L’étude, élaborée à partir d’entretiens avec 360 DSI d’entreprises avec une fabrication supérieure à 100 millions d’euros dans de nouveaux pays d’Europe et d’Amérique, apporte une différence significative entre les objectifs que les organisations associées à la modernisation et la réalité des projets qui sont finalement exécutés.

Même si l’innovation, l’analyse avancée et l’intelligence artificielle figurent parmi les principaux moteurs du changement, la majorité des initiatives continuent de se concentrer sur des aspects tels que la migration technologique, la continuité opérationnelle ou l’actualisation de la plate-forme.

Trois niveaux d’évolution

Les informations classifient les projets de modernisation à trois niveaux. Le premier correspond à la migration ou à l’évolution technique, orienté vers l’actualisation de l’infrastructure et la garantie de la continuité des systèmes. Le deuxième se concentre sur la simplification, la réduction des personnalisations et l’avancement des modèles de « noyau propre ». Le troisième niveau implique la réinvention des processus au milieu de l’utilisation des données et de l’intelligence artificielle.

Les résultats montrent que pratiquement toutes les entreprises analysées se trouvent dans la première phase, alors que seuls les 23 % ont incorporé des stratégies de simplification efficaces et que les 15 % ont atteint des niveaux de transformation plus profonds.

L’IA impulse la modernisation, mais ne garantit pas la transformation

L’intelligence artificielle apparaît comme l’un des principaux facteurs qui accélèrent les plans d’évolution des entreprises SAP. Les 46 % des organisations mentionnent l’analyse, les données et l’IA entre les raisons pour aborder ces projets.

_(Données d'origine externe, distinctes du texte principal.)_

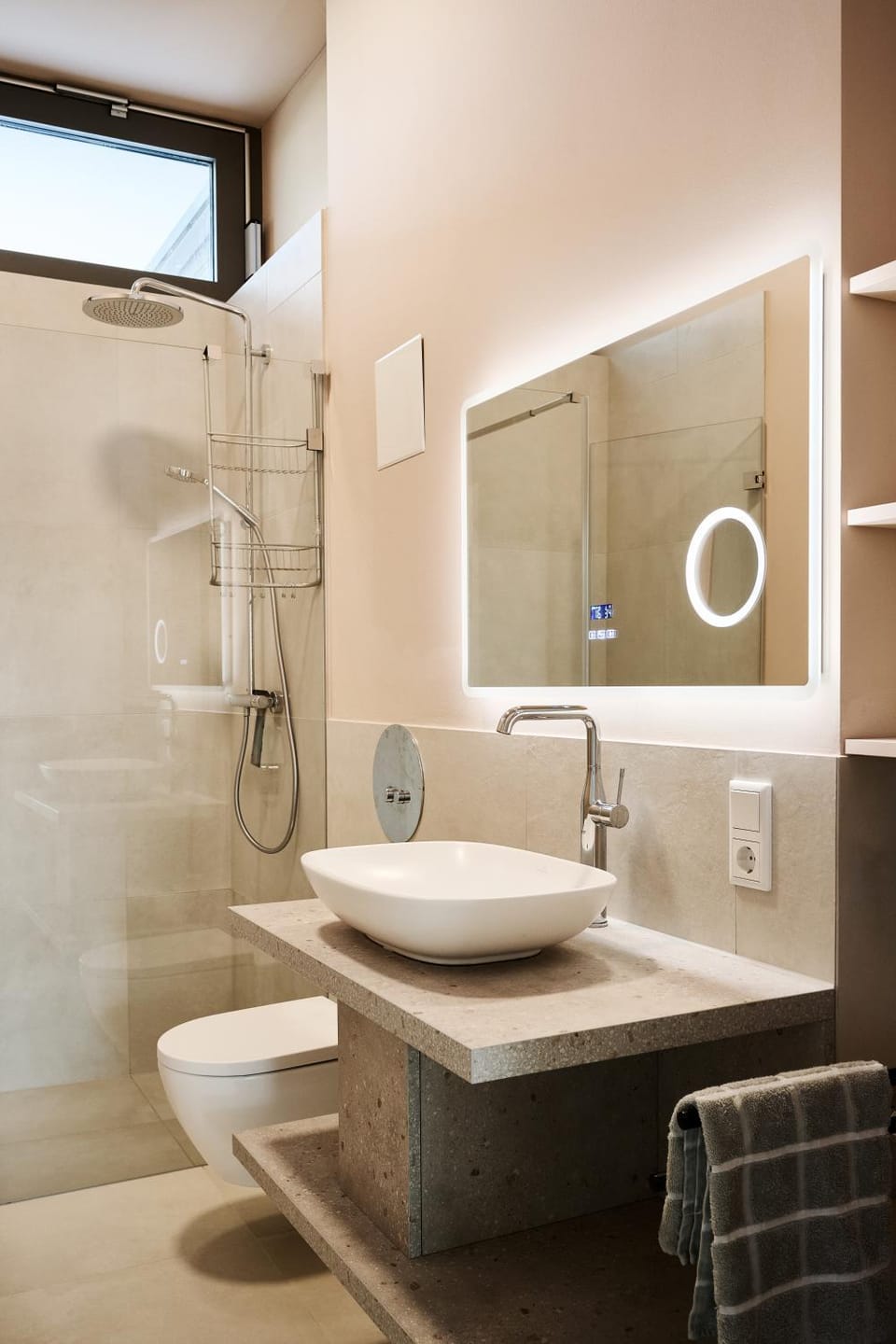 Shower, Toilet, Bathroom, towels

Cependant, l’étude montre que 72 % des entreprises envisagent l’IA principalement comme un outil d’automatisation et une meilleure productivité, plus comme un élément capable de redéfinir les processus de négociation.

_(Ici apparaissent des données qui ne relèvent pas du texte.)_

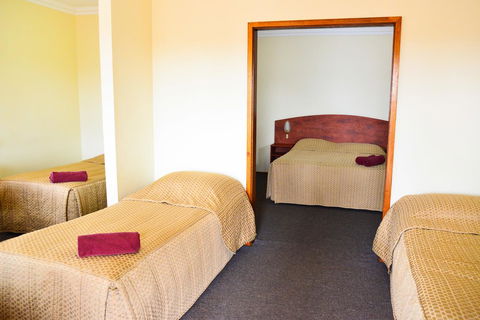 Erldunda Desert Oaks Resort - Accommodation Yamba 32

Según Javier Navarro, Global SAP Leader de SEIDOR, a pour mission d’améliorer la modernisation des systèmes, d’améliorer la qualité des données et de repenser les processus. Au contraire, les organisations ont pour objectif de réaliser une migration technologique sans obtenir des changements significatifs dans leur modèle opérationnel.

La deuda técnica reste face à un obstacle

L’autre aspect des informations fournies est l’impact de la technologie accumulée sur les entreprises SAP. Les 71 % des entreprises reconnaissent que les projets à moyen terme et les personnalisations difficiles à faire évoluer leurs systèmes, alors que la nouvelle de chaque année conteste l’adoption de processus plus standardisés en ce qui concerne le changement d’une plus grande capacité d’évolution future.

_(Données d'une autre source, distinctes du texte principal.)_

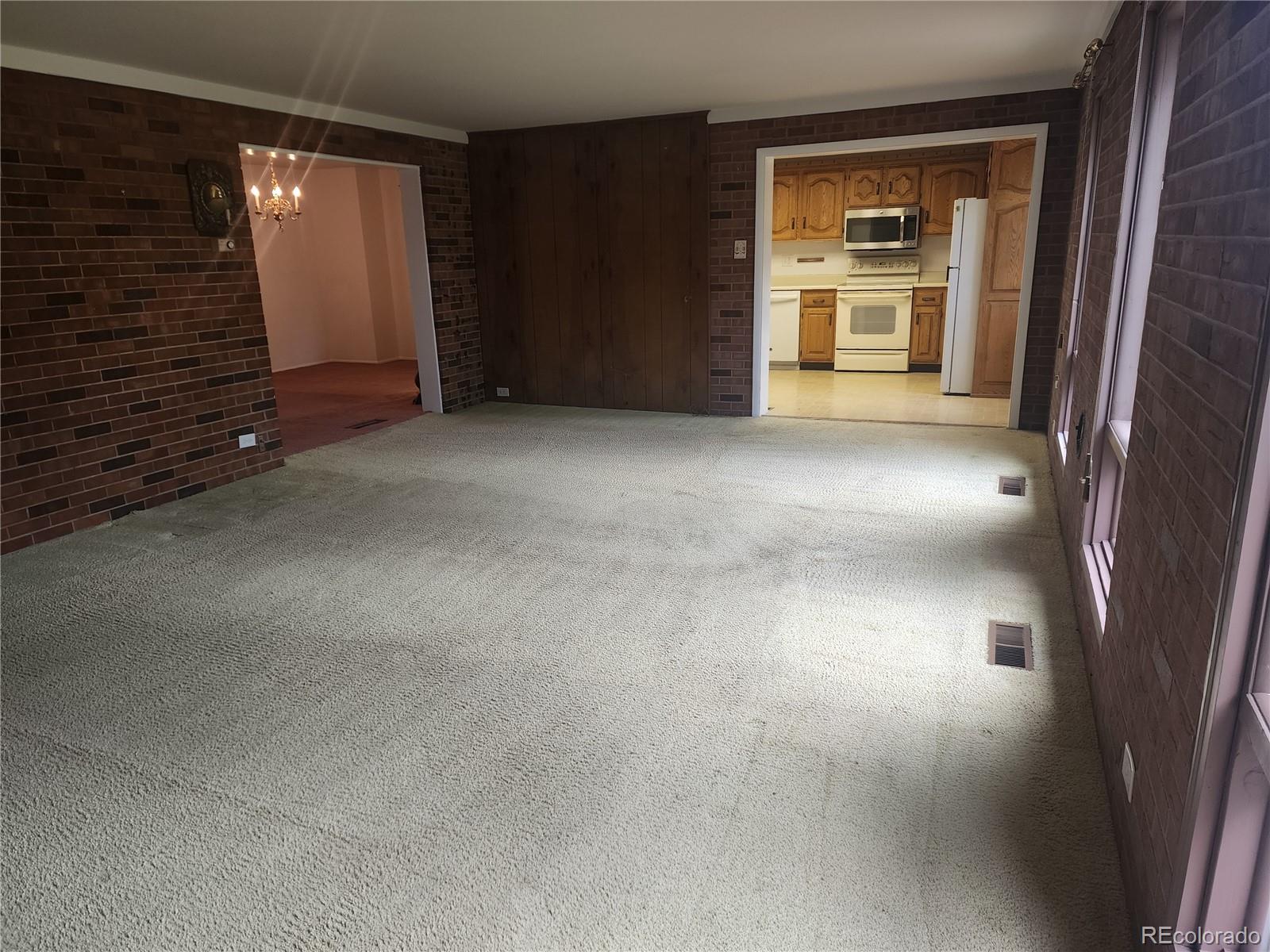 MLS Image #4 for 6961 e arkansas avenue,denver, Colorado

Pour les responsables de l’étude, la simplification du noyau ERP sera une des priorités au cours des prochaines années, en particulier dans le contexte où les organisations travaillent à accélérer l’adoption de capacités basées sur des données et une intelligence artificielle.

Deux étapes pour la modernisation

L’analyse identifie les grands cycles de transformation. Le premier, entre 2026 et 2028, sera marqué par des projets de migration et d’actualisation technologique, stimulés en partie par les calendriers de support de SAP ECC. Le deuxième, prévu entre 2028 et 2032, sera plus orienté vers la simplification des processus et l’incorporation de capacités avancées d’intelligence artificielle.

Dans ce contexte, l’étude conclut que les organisations qui améliorent la phase actuelle de modernisation pour réduire la complexité et améliorer la gestion des données sont les mieux placées pour aborder les prochaines étapes de transformation numérique.